He made a little pause before the last two words, as if some passing thought had troubled him.
'You know that I love you, Churchill,' she answered, shyly. 'I could not keep that secret from you the other day, though I would have given so much to hide the truth.'
'And you will be my wife, darling, the fair young mistress of Penwyn?'
'By and by, Churchill. It seems almost wrong to talk of our marriage yet awhile. That poor young fellow, your cousin, he may have been asking some happy girl to share his fortune and his home—to be mistress of Penwyn—only a little while ago.'
'Very sad,' said Churchill, 'but the natural law. You remember what the father of poets has said—"The race of man is like the leaves on the trees."'
'Yes, Churchill, but the leaves fall in their season. This poor young fellow has been snatched away in the blossom of his youth—and by a murderer's hand.'
'I have heard a good deal of that sort of talk since his death,' remarked Mr.

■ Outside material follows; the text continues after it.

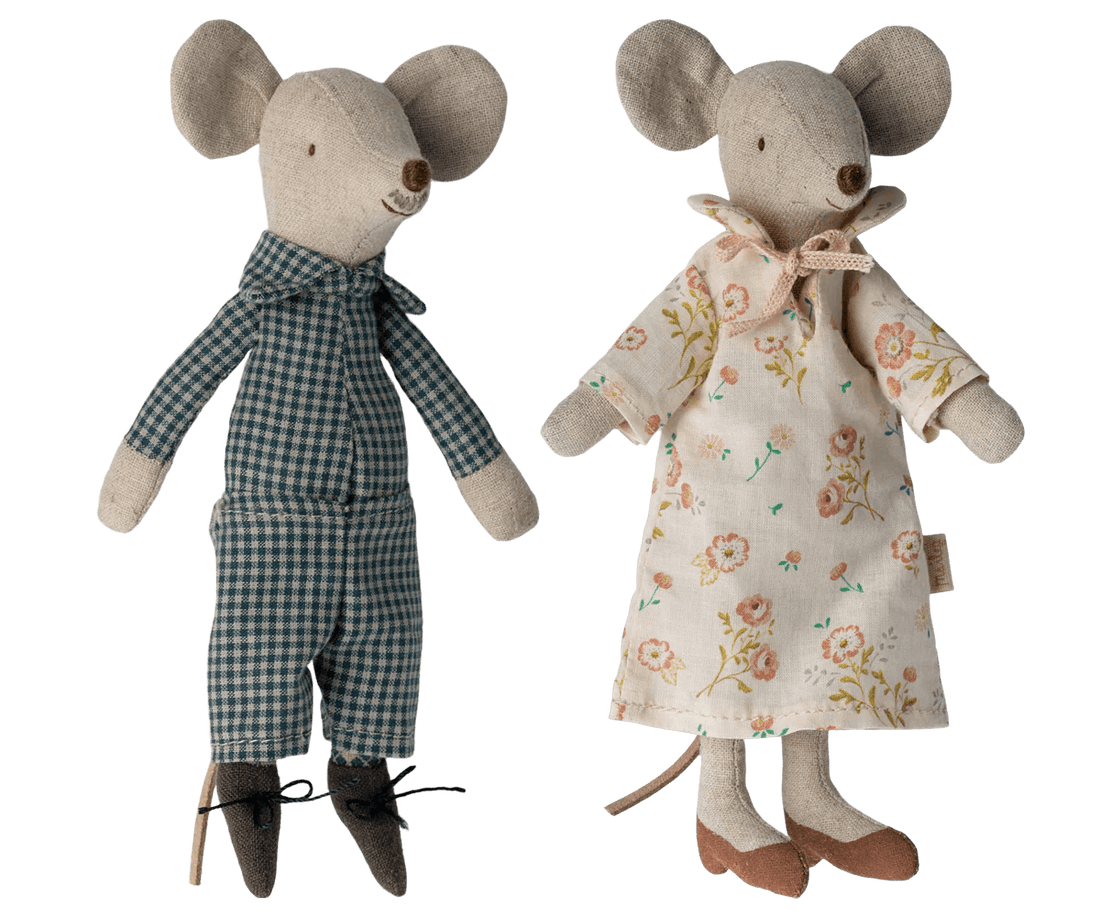 Myszka - Grandma and Grandpa mice in cigarbox - L’enfant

Penwyn, with a cloudy look. 'I thought you would have a warmer greeting for me than lamentations about my cousin. But for his death I should not have the right to hold you in my arms, to claim you for my wife. You rejected me on account of my property; yet you bewail the event that has made me rich.'
Miss Bellingham withdrew herself from her lover's arms with an offended look.
'I would rather have waited for you ten years than that fortune should have come to you under such painful circumstances,' she said.